There is one potential counterargument to this: perhaps loose monetary policy is the root cause of high commodity prices in the first place. If that was the case, then there might be a legitimate argument for blunting inflation through tighter monetary policy. But that line of argument is totally inconsistent with the one that Bini Smaghi and similar inflation hawks offer. They are arguing that core inflation should be ditched because energy and food price rises substantially reflect enduring fundamentals (which I think is a correct assessment of the facts). That’s the opposite of an argument that they’re a consequence of loose monetary policy.
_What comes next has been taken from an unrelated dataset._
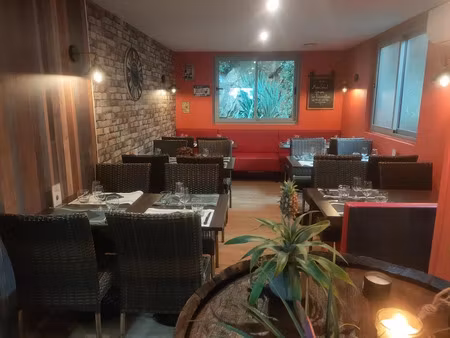 vente locaux professionnels 120 m² à hennebont (56700)  97 500 €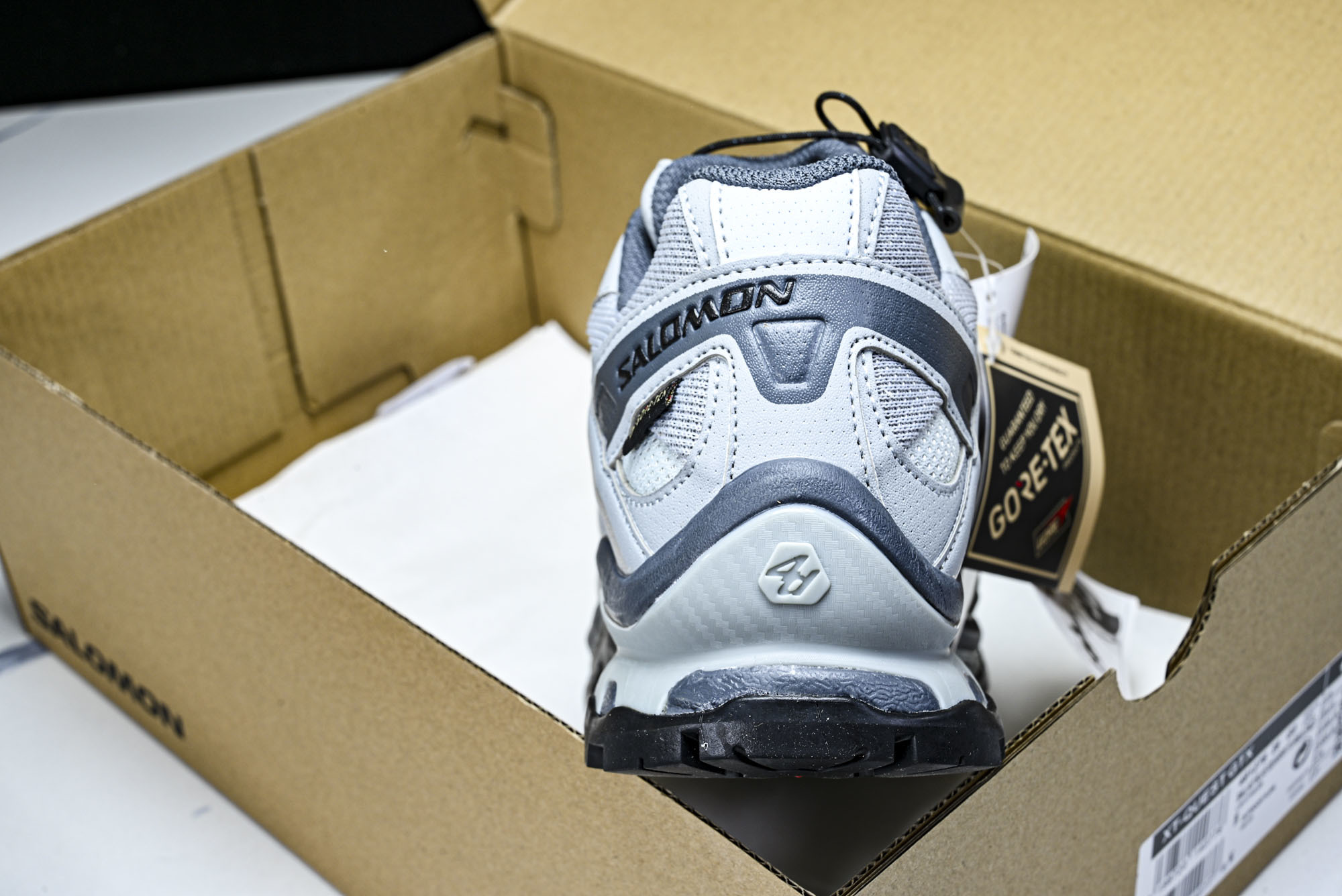 纯原外贸 Salomon XA PRO 3D 萨洛蒙户外越野跑鞋 #YZ001-1 原版1:1 制作 全套私模 开发出 纯原外贸 Salomon XA PRO 3D 萨洛蒙户外越野跑鞋 #YZ001-1 原版1:1 制作 全套私模 开发出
This leaves us in a rather confusing place. The critics of core inflation are right to argue that it no longer deserves to occupy the central place that it did in the 1980s and 1990s. But those who thus counsel a return to simply targeting nominal inflation are wrong, not only for the reasons outlined above, but because while there have been (and continue to be) big structural changes in energy and food markets, those markets also remain quite volatile (indeed at least energy markets have become more volatile than before). Core inflation, by filtering out this volatility, can thus provide some useful information. Perhaps some smart economists will come up with a new magic number that can replace both of these and anchor monetary policymaking in this new era. Until then, though, policymakers will need to muddle through, looking holistically at the economy rather than simply fixating on one number. There are, of course, bound to be mistakes that result. This is simply another element of the economic risk involved in a navigating the rapidly changing global economy.